Ethical and Legal Aspects in Counseling Essay
Ethical decision making while necessary, can at times be challenging. This is particularly true when working with clients that have different values and worldviews. Ethical issues seldom have an easy answer, and often counselors must seek help from more experienced and knowledgeable professionals, but this is not a guarantee that the desired outcome will be achieved. The ethical aspects of counseling are based on a system of rules which have been created for a specific group of people or field of work, and were developed for the purpose of setting the standards of conduct and behavior that is to be used by these professionals.
Moral principles and virtue are the root foundations on which the ethics codes were formed, and they are for the protection of both the counselor and the client. The legal aspects in counseling are usually the result of unethical behavior, or a perceived misconduct, and counselors can find themselves on trial for malpractice, or unethical behavior practice. There may be times when there are legal issues between the ethics codes and federal and/or state statutes, and even with one’s employer’s policies; and counselors are sometimes required to appear in court as witnesses in litigation cases.
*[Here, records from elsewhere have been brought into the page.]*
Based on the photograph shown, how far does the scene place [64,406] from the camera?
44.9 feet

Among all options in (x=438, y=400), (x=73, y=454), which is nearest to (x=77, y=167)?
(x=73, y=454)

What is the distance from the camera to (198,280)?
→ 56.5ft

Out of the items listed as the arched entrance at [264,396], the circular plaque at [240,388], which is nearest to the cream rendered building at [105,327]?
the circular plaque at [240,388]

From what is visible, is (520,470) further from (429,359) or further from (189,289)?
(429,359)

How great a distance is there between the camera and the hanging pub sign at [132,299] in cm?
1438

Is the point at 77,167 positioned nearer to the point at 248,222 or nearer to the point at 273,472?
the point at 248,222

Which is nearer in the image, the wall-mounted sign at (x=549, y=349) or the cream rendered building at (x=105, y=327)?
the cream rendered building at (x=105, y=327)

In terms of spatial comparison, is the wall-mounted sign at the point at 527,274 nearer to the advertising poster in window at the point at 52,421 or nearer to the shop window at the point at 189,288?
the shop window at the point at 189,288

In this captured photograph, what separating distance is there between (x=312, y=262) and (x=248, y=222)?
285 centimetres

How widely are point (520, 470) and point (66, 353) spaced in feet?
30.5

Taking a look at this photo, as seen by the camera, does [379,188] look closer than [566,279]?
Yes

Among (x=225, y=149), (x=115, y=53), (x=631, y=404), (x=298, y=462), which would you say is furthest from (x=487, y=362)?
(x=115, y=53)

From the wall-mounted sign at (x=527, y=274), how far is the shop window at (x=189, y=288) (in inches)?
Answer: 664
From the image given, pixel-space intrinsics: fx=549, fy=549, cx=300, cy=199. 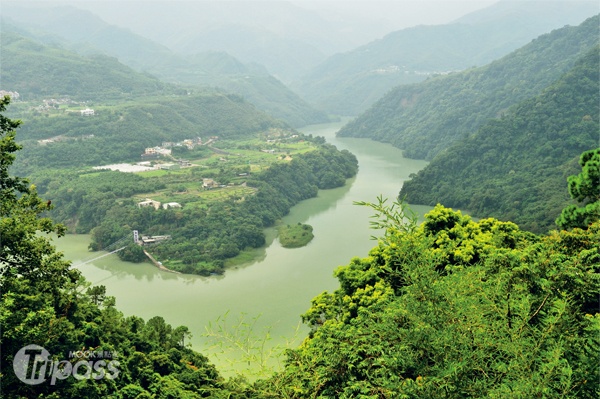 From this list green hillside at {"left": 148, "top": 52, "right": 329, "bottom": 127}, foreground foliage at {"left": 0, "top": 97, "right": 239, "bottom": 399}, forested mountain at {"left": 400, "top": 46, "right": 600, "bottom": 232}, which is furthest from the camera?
green hillside at {"left": 148, "top": 52, "right": 329, "bottom": 127}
This paper will examine both ethical and legal issues that can affect both counselors and their clients, both in general and specialized areas of counseling. Ethical and Legal Aspects in Counseling The first standard in the ACA’s (1995) Code of Ethics reads “the primary responsibility of counselors is to respect the dignity and promote the welfare of clients [italics added]” (p. 2). This is also the same in the current and revised version of the ACA code of ethics (2005).
The AACC code of ethics first standard ES1-100 reads “First, Do No Harm [italics added]” (p. 6). This is the first ethical standard in each code of ethics because it is the principle framework around which all others are built, valuing and respecting the client(s) at all times. When facing ethical dilemmas, counselors should utilize a carefully developed decision-making process, in order to maintain the highest professional standards for the client and for the counseling profession.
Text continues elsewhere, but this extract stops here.